2018年11月16日

あちらを立てればこちらは我慢

 最近の開口部の建具(アルミサッシ)は、住宅の省エネ化を請けて高断熱性能のサッシが主流になりつつある。

 ここY邸でもアルミサッシはアルミと樹脂の複合窓を採用している、このアルミ樹脂複合サッシの熱的性能を表す熱貫流率は、3.49W/m2K(複層ガラス:中空層の厚さ10mm)、ちなみにかつて一般的だったアルミサッシは6.51W/m2K、アルミ複層サッシは4.07W/m2K(複層ガラス、中空層の厚さ10mm)である、貫流率は小さい値のほうが性能が高い。

 性能は向上し万々歳というわけにも行かない、メリットあればデメリットもある、当然コストも上昇し、ガラスが複層になっただけサッシの障子も重くなる、写真は高さ90cmのサッシでなので、コストも重さもそれほど感じないが、掃き出しサッシともなればデメリットもずっしりと実感できる。

 障子が重くなっただけ、動きも重くなる、動き出せばさほどでもないが、動きだしは摩擦抵抗も大きくかなり力がいる、特に高齢者の場合、開閉(特に開るとき)に難儀を来す。

 しかし、この開きにくくなった主な原因は、重くなったことよりサッシ性能アップにあるようだ、高性能サッシに限らないが気密性は重要な性能で空気の漏れは大敵だ。

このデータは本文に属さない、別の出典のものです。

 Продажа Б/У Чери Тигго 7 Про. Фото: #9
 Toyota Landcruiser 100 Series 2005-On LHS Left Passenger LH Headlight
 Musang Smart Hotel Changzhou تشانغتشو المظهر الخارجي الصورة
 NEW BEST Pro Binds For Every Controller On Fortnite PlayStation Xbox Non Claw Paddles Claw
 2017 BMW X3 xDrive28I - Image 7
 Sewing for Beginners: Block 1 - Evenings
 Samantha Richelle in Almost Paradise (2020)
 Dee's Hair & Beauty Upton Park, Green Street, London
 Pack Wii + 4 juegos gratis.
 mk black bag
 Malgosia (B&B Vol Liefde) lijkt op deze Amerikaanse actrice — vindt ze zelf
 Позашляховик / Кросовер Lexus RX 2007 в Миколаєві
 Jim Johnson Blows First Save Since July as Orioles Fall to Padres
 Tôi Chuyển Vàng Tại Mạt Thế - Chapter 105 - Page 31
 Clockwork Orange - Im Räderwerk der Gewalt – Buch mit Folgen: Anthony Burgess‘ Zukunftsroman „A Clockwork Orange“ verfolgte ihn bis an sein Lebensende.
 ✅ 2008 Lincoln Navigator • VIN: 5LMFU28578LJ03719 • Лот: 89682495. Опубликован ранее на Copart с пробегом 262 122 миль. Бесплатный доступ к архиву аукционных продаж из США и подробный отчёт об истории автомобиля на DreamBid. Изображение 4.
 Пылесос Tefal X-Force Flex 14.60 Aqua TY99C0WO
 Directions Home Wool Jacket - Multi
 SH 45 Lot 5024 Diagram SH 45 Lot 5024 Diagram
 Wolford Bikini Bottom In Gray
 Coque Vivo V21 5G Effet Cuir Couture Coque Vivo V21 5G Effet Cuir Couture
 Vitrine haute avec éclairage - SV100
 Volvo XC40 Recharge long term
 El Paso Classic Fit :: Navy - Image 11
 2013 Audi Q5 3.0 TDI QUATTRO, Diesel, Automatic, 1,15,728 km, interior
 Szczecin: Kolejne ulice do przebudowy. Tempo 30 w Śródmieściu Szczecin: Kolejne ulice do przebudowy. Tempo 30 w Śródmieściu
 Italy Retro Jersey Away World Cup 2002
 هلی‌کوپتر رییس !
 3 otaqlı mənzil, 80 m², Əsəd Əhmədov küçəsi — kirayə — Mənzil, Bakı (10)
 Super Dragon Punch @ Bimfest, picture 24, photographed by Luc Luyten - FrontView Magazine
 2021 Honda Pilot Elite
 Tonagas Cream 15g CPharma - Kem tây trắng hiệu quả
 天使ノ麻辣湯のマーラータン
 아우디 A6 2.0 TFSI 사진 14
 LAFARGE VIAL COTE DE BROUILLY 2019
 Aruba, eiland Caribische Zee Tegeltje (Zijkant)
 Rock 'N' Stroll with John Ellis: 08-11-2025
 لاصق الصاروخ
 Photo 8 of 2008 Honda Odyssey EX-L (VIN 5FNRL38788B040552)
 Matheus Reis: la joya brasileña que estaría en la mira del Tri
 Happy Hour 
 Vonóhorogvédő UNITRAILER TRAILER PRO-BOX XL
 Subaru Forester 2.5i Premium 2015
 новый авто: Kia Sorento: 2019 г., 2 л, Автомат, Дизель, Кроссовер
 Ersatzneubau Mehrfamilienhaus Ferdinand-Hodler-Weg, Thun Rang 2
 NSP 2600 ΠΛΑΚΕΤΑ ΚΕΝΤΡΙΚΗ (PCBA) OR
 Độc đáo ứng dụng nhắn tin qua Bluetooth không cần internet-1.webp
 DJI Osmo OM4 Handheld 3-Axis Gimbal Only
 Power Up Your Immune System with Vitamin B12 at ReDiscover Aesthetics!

 特に高性能な断熱サッシは、すきま風のや空気の漏れを嫌う、それを防ぐため障子と枠の間をゴム製のピンチブロックで負塞いでいる、下図の矢印の部品がそう。
  あちらを立てればこちらは我慢

 すべりを妨げるように働く抵抗力すなわち”滑り摩擦抵抗”は、動き出してから掛かる”ころがり摩擦”より大きい、我々の暮らしの至るシーンでこのことは実感しているはず、ピンチブロックがゴム製だであれば、滑りにくさはなおさらだ。

 メーカーもそんな事態を考慮してサポート部品をオプションで用意はしているけれど………。

 「あちらを立てればこちらは我慢 」とならないような配慮が必要だろう、設計者としても、あちらを立ててこちらも立つような工夫を心がけたい。